> [AIM OF THE TASK]:
All the lines below should appear again unchanged, though their pictures should not.

> [DATASET CONTENT]:
▬▬▬▬▬▬▬▬▬▬

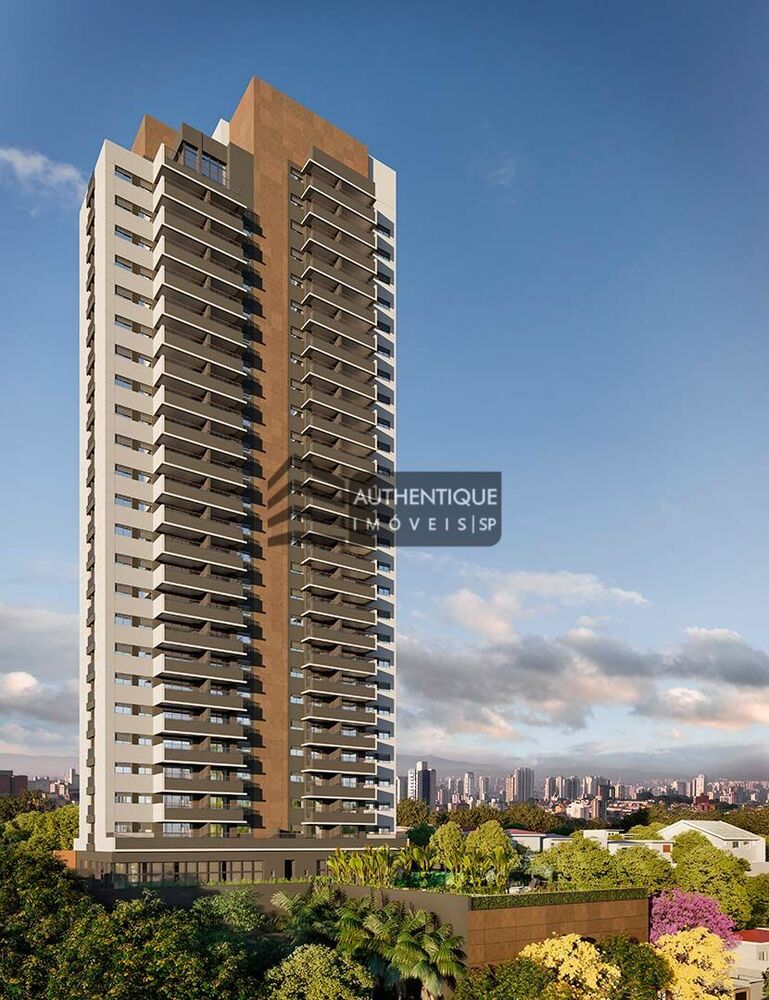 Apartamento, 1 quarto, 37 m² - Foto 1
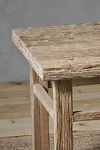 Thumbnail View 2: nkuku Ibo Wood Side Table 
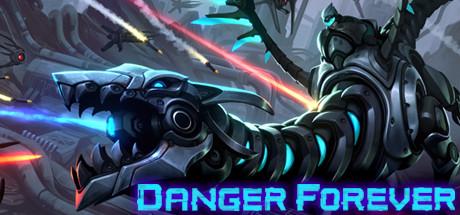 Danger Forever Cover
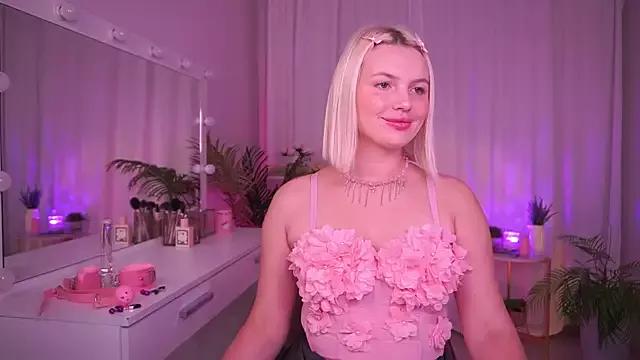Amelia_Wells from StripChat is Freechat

▬▬▬▬▬▬▬▬▬▬

> [ANSWER AREA]:
 Apartamento, 1 quarto, 37 m² - Foto 1
 Thumbnail View 2: nkuku Ibo Wood Side Table 
 Danger Forever Cover
Amelia_Wells from StripChat is Freechat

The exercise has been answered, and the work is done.